> _Information given_:
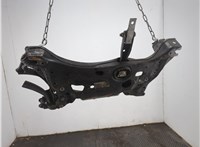 3QF199315G Балка подвески передняя (подрамник) Volkswagen Atlas Cross Sport 2019-2025 20821926 #1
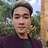 Hoang_Minh_Tan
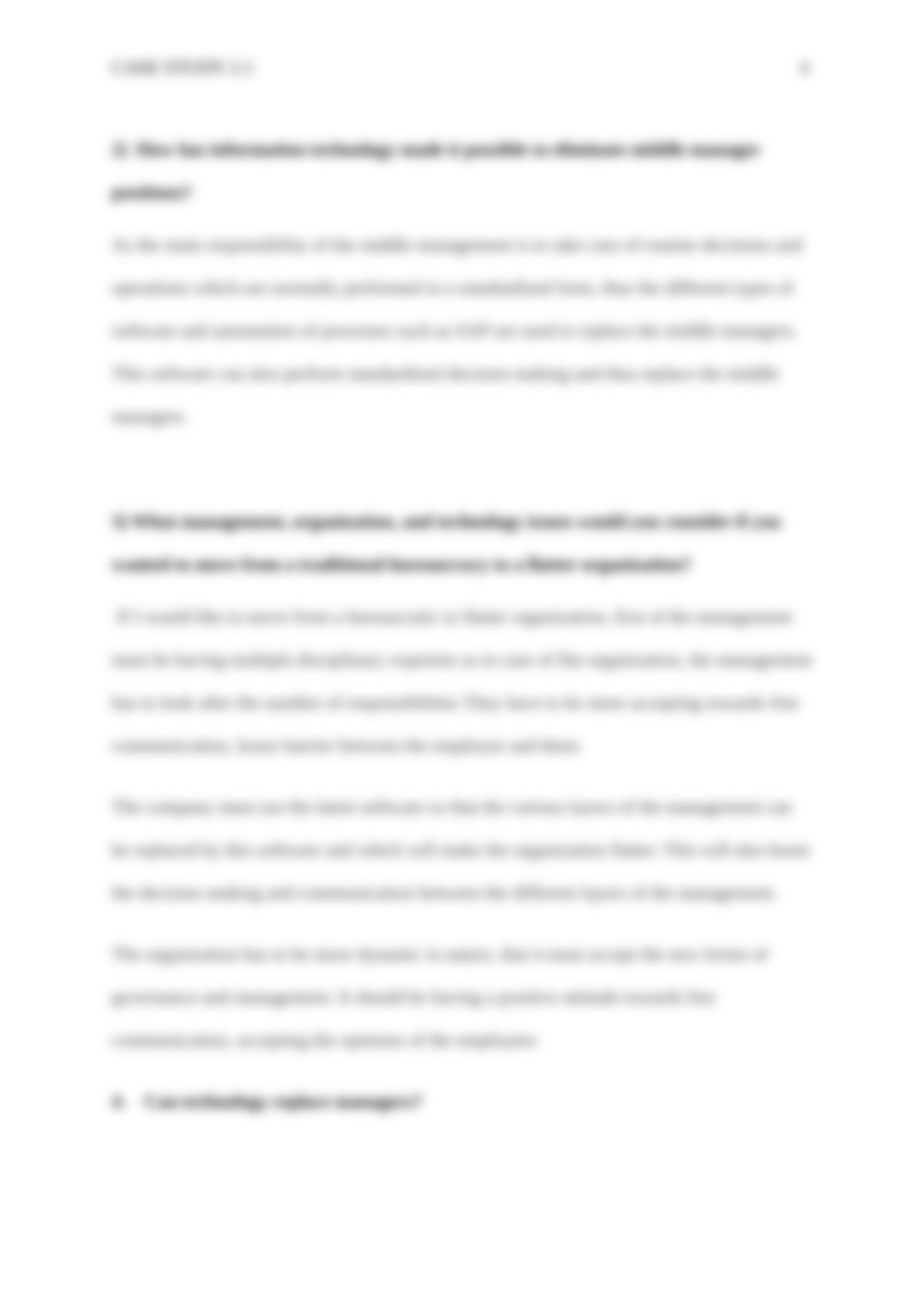 karthik_Y_casestudy2.1.docx_d6dd4grxvky_page4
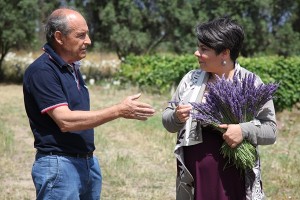 Michela-e-Manuel-da-Elvio-108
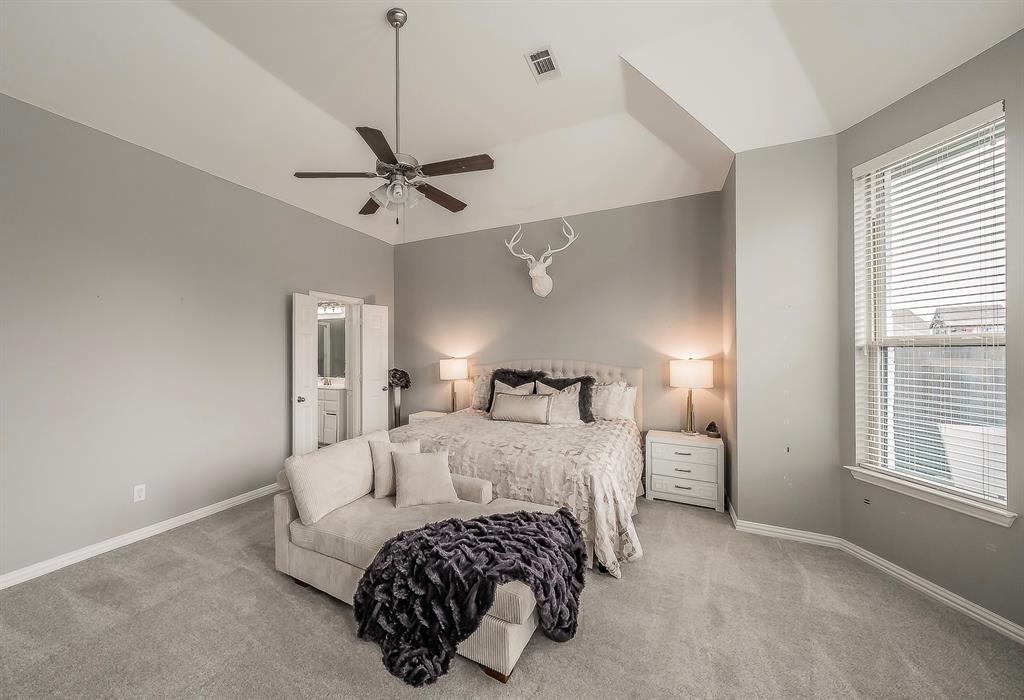 1020 Longhill Way Forney, TX 75126 - Photo 15 of 39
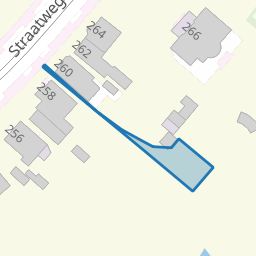 Perceel HLG03-G-1999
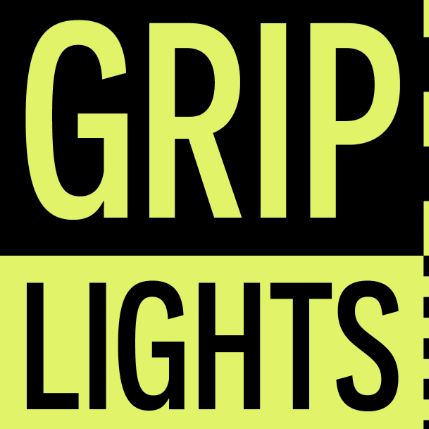 GRIP fall 2025 - Introduction course in light engineering (English)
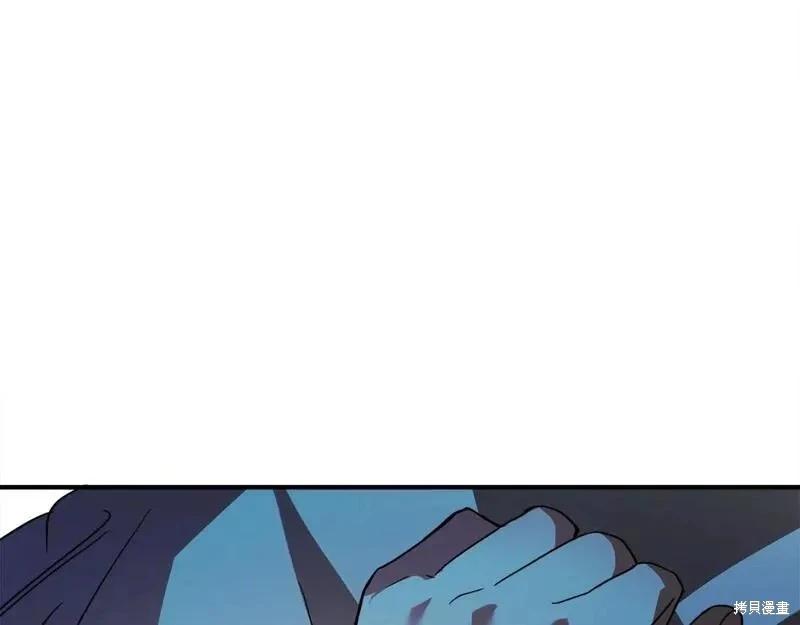 第147话66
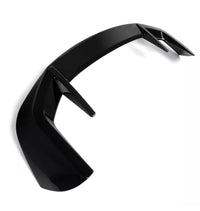 Load image into Gallery viewer, BMW X5 G05 M50 X5M Gloss Black Rear Roof Spoiler Boot Wing Lip 2018+ MP Style - STM STYLING 
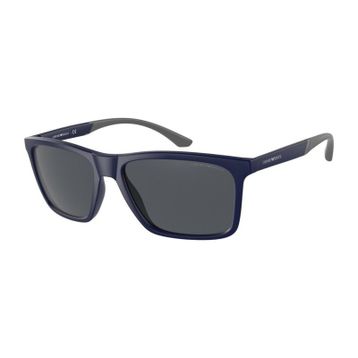 Emporio Armani EA 4170 5088/87 Erkek Güneş Gözlüğü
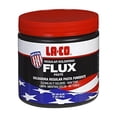 thumbnail image 1 of Pasta de Fundente de Soldadura Regular La-Co 1lbs, 1 of 3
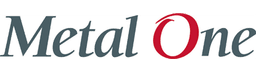 Metal One (Thailand) Co., Ltd.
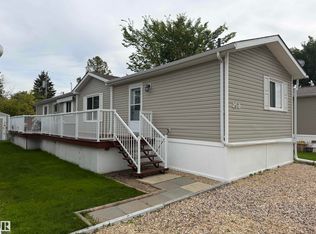 25B 50th Ave #4515, Barrhead, AB T7N1J6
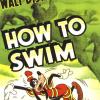 Jak plavat
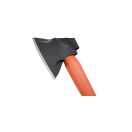 CRKT Chogan Hatchet Orange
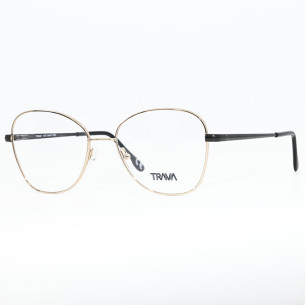 Trama LD3035 Black
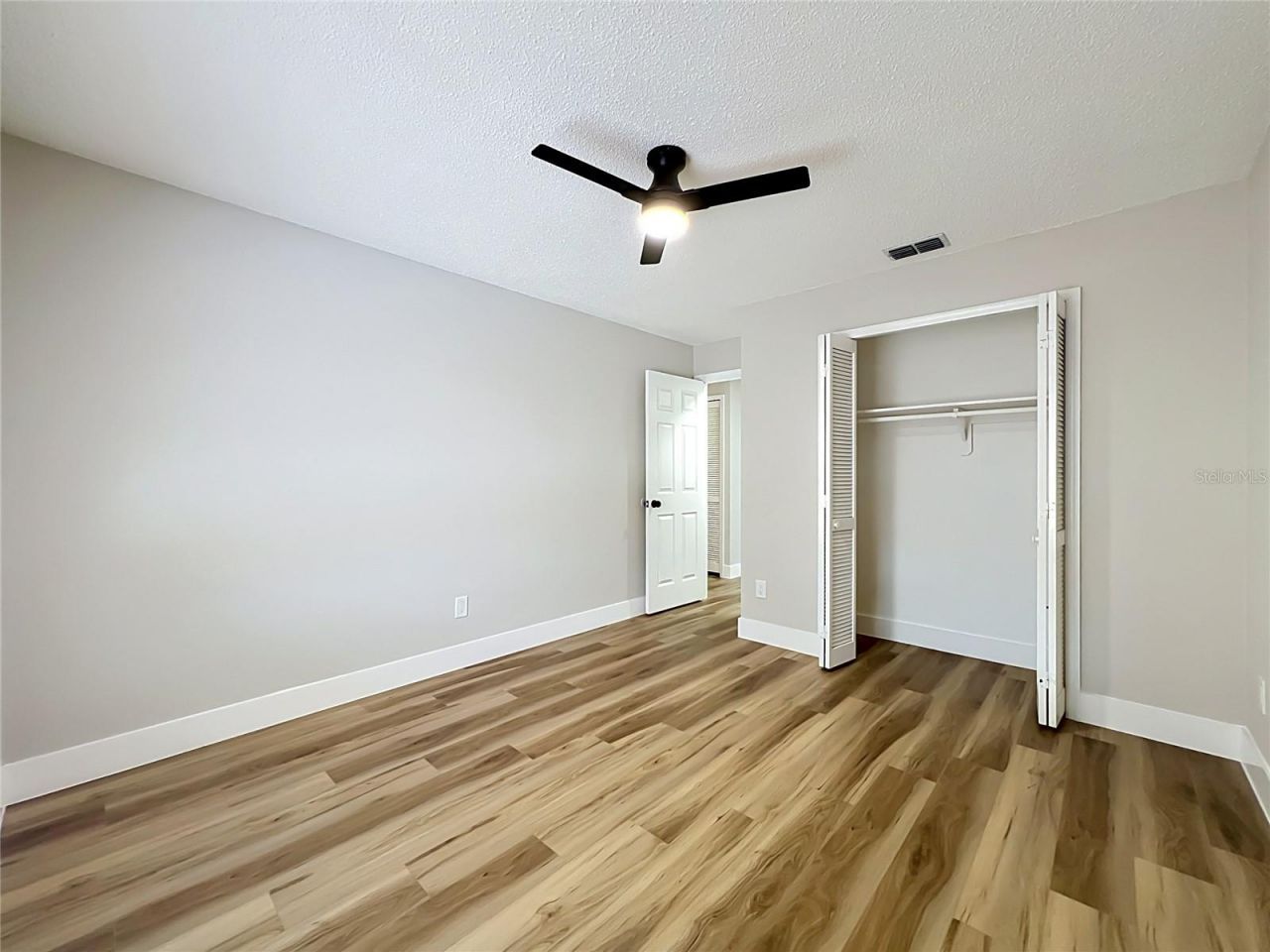 8646 Park Highland Drive, Orlando, FL 32818 Photo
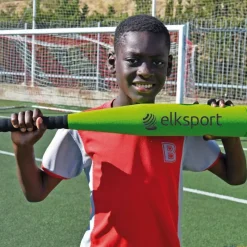 Elk Sport Superbate béisbol| Béisbol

> _Exercise objective_: Give back, exactly and with nothing added, the lines from the line with "Michela-e-Manuel-da-Elvio-108" through the final line of the data, both included; leave pictures out.

> _Task output_:
 Michela-e-Manuel-da-Elvio-108
 1020 Longhill Way Forney, TX 75126 - Photo 15 of 39
 Perceel HLG03-G-1999
 GRIP fall 2025 - Introduction course in light engineering (English)
 第147话66
 Load image into Gallery viewer, BMW X5 G05 M50 X5M Gloss Black Rear Roof Spoiler Boot Wing Lip 2018+ MP Style - STM STYLING 
 Emporio Armani EA 4170 5088/87 Erkek Güneş Gözlüğü
 thumbnail image 1 of Pasta de Fundente de Soldadura Regular La-Co 1lbs, 1 of 3
 Metal One (Thailand) Co., Ltd.
 25B 50th Ave #4515, Barrhead, AB T7N1J6
 Jak plavat
 CRKT Chogan Hatchet Orange
 Trama LD3035 Black
 8646 Park Highland Drive, Orlando, FL 32818 Photo
 Elk Sport Superbate béisbol| Béisbol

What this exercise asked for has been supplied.